Under our amended and restated certificate of incorporation we are authorized to issue up to 250,000,000 shares of common stock and 10,000,000 shares of preferred stock, $0.0001 par value per share, all of which are currently undesignated. Our board of directors may establish the rights and preferences of the undesignated preferred stock from time to time.

 

Common Stock 

 

Voting Rights

 

Each holder of our common stock is entitled to one vote for each share on all matters submitted to a vote of the stockholders, including the election of directors. Under our amended and restated certificate of incorporation and amended and restated bylaws, our stockholders do not have cumulative voting rights. The affirmative vote of the majority (plurality, in the case of the election of directors) of shares present and entitled to vote generally on a subject matter shall be the act of the stockholders.

 

Dividends

 

Subject to preferences that may be applicable to any then-outstanding preferred stock, holders of our common stock are entitled to receive ratably those dividends, if any, as may be declared from time to time by the board of directors out of legally available funds.

 

Liquidation

 

In the event of our liquidation, dissolution or winding up, holders of our common stock will be entitled to share ratably in the net assets legally available for distribution to stockholders after the payment of all of our debts and other liabilities and the satisfaction of any liquidation preference granted to the holders of any then-outstanding shares of preferred stock.

 

Rights and Preferences

 

Holders of our common stock have no preemptive, conversion or subscription rights and there are no redemption or sinking fund provisions applicable to our common stock.
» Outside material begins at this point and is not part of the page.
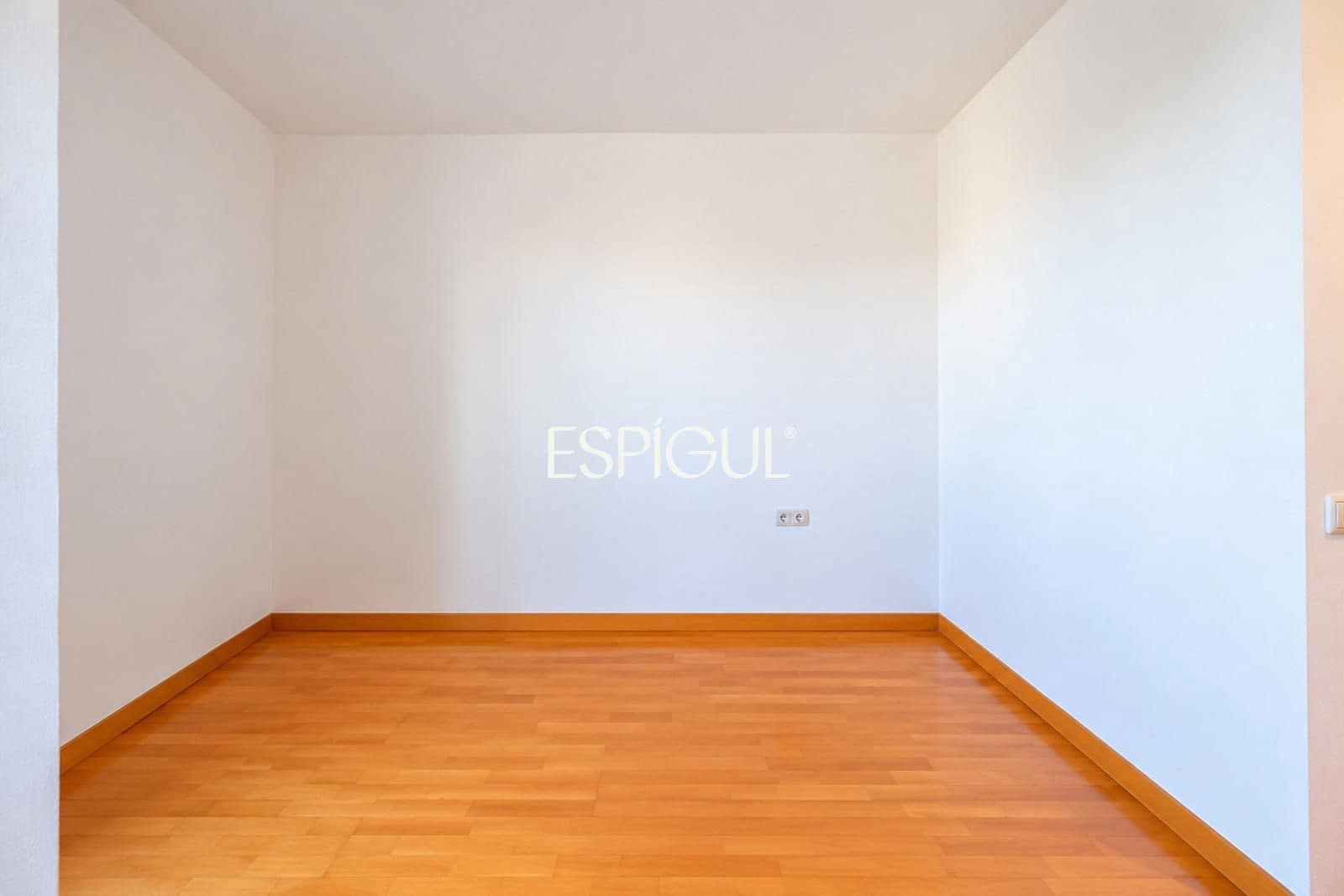 2 soverom Penthouse til salgs i Barcelona by med garasje - € 620 000 (Ref: 10185865)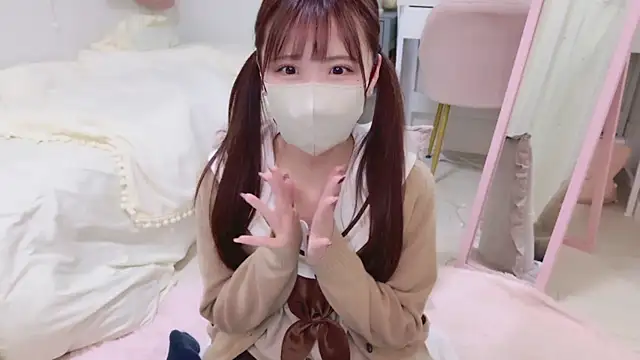 Snapshot of Sayuringo_ chatting on 12-17-24, 10:12 Sayuringo online show from 12-17-24, 10:12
The rights, preferences and privileges of the holders of our common stock are subject to, and may be adversely affected by, the rights of the holders of shares of any series of our preferred stock that we may designate in the future.

 

Preferred Stock

 

Pursuant to our amended and restated certificate of incorporation, our board of directors has the authority, without further action by the stockholders (unless such stockholder action is required by applicable law or stock exchange listing rules), to designate and issue up to 10,000,000 shares of preferred stock in one or more series, to establish from time to time the number of shares to be included in each such series, to fix the designations, powers, preferences, privileges and relative participating, optional or special rights and the qualifications, limitations or restrictions thereof, including dividend rights, conversion rights, voting rights, terms of redemption and liquidation preferences, any or all of which may be greater than the rights of our common stock, and to increase or decrease the number of shares of any such series, but not below the number of shares of such series then outstanding. Our board of directors, without stockholder approval, can issue preferred stock with voting, conversion or other rights that could adversely affect the voting power and other rights of the holders of our common stock. Preferred stock could be issued quickly with terms designed to delay or prevent a change in control of our company or make removal of management more difficult. Additionally, the issuance of preferred stock may have the effect of decreasing the market price of our common stock and may adversely affect the voting power of holders of our common stock and reduce the likelihood that our common stockholders will receive dividend payments and payments upon liquidation.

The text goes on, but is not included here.